Fox FLOAT EVOL DPS is the ticket on the Mutz for me.
I've run CCDBA's on other bikes and I am familiar with all iterations of CCDBAs-inline, climbs switch etc.
FOX FLOAT EVOL is a great match for the Mutz.
Absolutely one of the best frame + shock combos I've ridden in 30+ years of mtb.
Yes, prior FLOATS and RPs get slammed for one reason or other, but the EVOL DPS is the best FLOAT variant I have ever ridden.
YMMV, but the the CCDBA Inline is completely underwhelming in reliability and performance isn't ahead of other shock options.


----------



## matt45 (Sep 22, 2005)

*Quick release Rear*

I have seen on photos, there Mutz with a DT Swiss QR.

Does anyone know if the are available?
On the website of DT Swiss I find nothing ...


----------



## JCHKeys (Dec 10, 2004)

So the Mutz used to use a 12x177 1.5TP axle, the same one that the Salsa Beargrease uses. DT swiss made an axle for that application. The mutz now uses a 1.75TP axle, and I have not found a DT Swiss in that size.



matt45 said:


> I have seen on photos, there Mutz with a DT Swiss QR.
> 
> Does anyone know if the are available?
> On the website of DT Swiss I find nothing ...


----------



## Sanchofula (Dec 30, 2007)

kntr said:


> I am done with the Cane Creek Inline. I'm on my 3rd one in 3 months and now its doing the same thing. It packs up and bottoms out. Then when I get off the bike it wont fully extend. I called Cane Creek and they said they have had a ton returned off of the Mutz and they don't know why.
> 
> Has anyone else had problems with their CC Inline?


Nope, mine works fine, running nearly stock settings with just a little less rebound at the high end.

I can't see how the platform would cause problems with a shock, perhaps a bad batch?

I have one of the early ones.

I'm 200#

Maybe I'm just not sensitive enough, but for me a shock/fork just needs to help me maintain traction and absorb teh hits, all without packing down. I rarely have fork dislike unless the fork has excessive flex, stiction, or break down issues. The Bluto had all three in spades.

I find the CC Inline to be a nice riding shock, it does everything I want it to do, perhaps it's a bit damp, but I could adjust that out if it was a big enough issue. I'm more likely to mess with my fork than my shock, I suppose that's laziness or maybe I just don't care enough.


----------



## blidner (Jan 19, 2015)

Just rode Mutz for the first time as a 650plus

Easton arc 45 rims with 3.0 nobby nics

I've been riding the beist tires on whiskeys since November and prior to that vanhelgas on whiskeys. I've always loved the bike and have become technically better on the Rocky rooty stuff in New England. As such I became faster. But I've never felt fast

I rode tonight, and night is always tricky for me in general, but the ride was awesome. The bike felt more alive and far more aggressive in terms of acceleration and cornering. With that said, I need to adjust some of my lines.
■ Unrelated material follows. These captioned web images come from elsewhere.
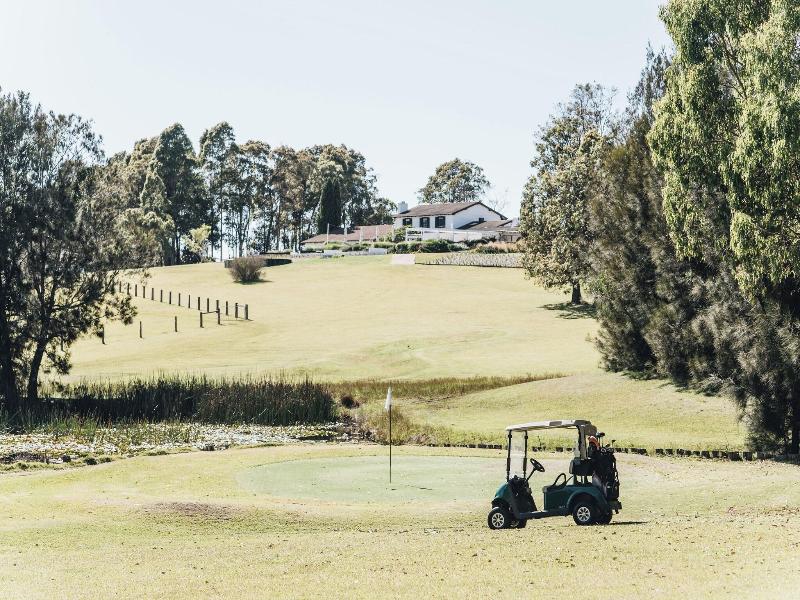 Oaks Ranch And Country Club image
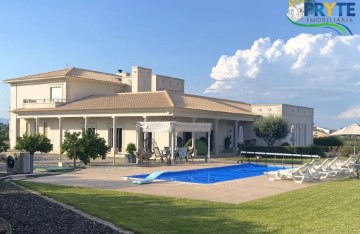 House 5 Bedrooms in Alcains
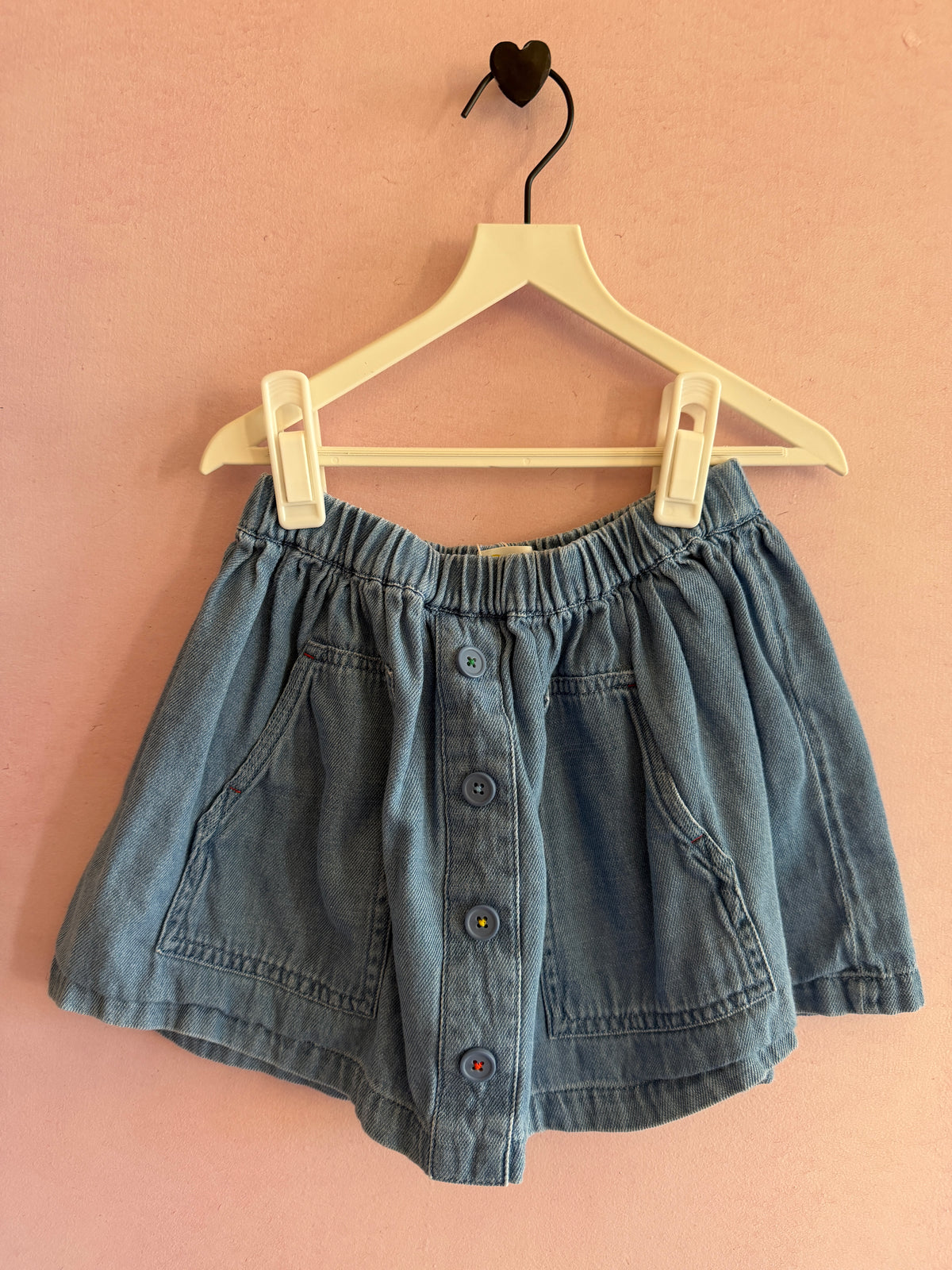 Mini Boden Chambray with Rainbow Buttons Skirt / 4-5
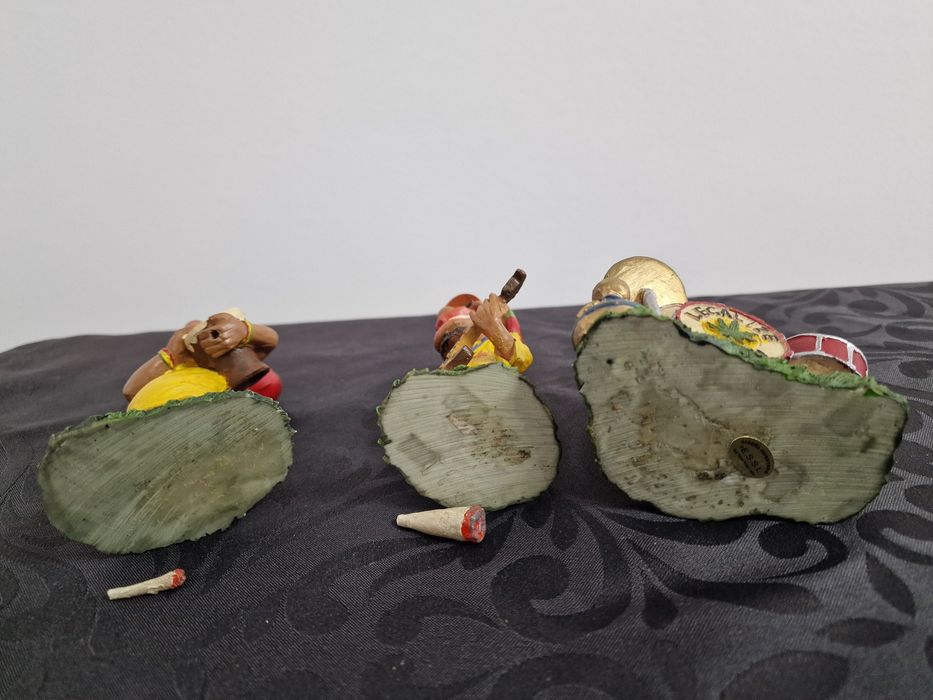 Conjunto 3 Estatuetas musicais Rasta/Reggae Vintage 12cm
I've read a lot of posts about the b plus tires so finally pulled the trigger in time for spring

And then a snowstorm is set for Sunday!!


----------



## Skarecrow (Feb 15, 2016)

I know,right. My Mutz is supposed to be delivered on Monday, I hope it is not delayed. Blidner where do you ride? I am also in New England, transplant from CA, new to riding in this area.


----------



## blidner (Jan 19, 2015)

You get your Mutz from likin bikin?

Ride 90 percent of the time in wompatuck in Hingham

Close to where I live
Great reading there


----------



## Skarecrow (Feb 15, 2016)

I got the Mutz from Timberline in CO, great guys. Never been Wompatuck. I am near Worcester and have my kids with me most of the time. I want to check out Vietnam though it is fairly close to me. Sounds like a fun area to ride.


----------



## blidner (Jan 19, 2015)

I've heard it's lots of rocks and drops

A rode with a guy in needham town forest who rides it


----------



## Skarecrow (Feb 15, 2016)

That is what I heard too. Probably to much for my kids.


----------



## Jayem (Jul 16, 2005)

kntr said:


> I am done with the Cane Creek Inline. I'm on my 3rd one in 3 months and now its doing the same thing. It packs up and bottoms out. Then when I get off the bike it wont fully extend. I called Cane Creek and they said they have had a ton returned off of the Mutz and they don't know why.
> 
> Has anyone else had problems with their CC Inline?


Mis-alignment would probably do it, causing drag and probably eating at the seal between the positive and negative chambers, add to that the frame-stiffness of Foes, which wouldn't have much "give". Really, if it's 3 shocks, doing the same thing, only with this frame, that's got to be it.


----------



## matt45 (Sep 22, 2005)

Foes has different dropout!
For RS, Shimano,... One sure still fits?


----------



## kntr (Jan 25, 2004)

Jayem said:


> Mis-alignment would probably do it, causing drag and probably eating at the seal between the positive and negative chambers, add to that the frame-stiffness of Foes, which wouldn't have much "give". Really, if it's 3 shocks, doing the same thing, only with this frame, that's got to be it.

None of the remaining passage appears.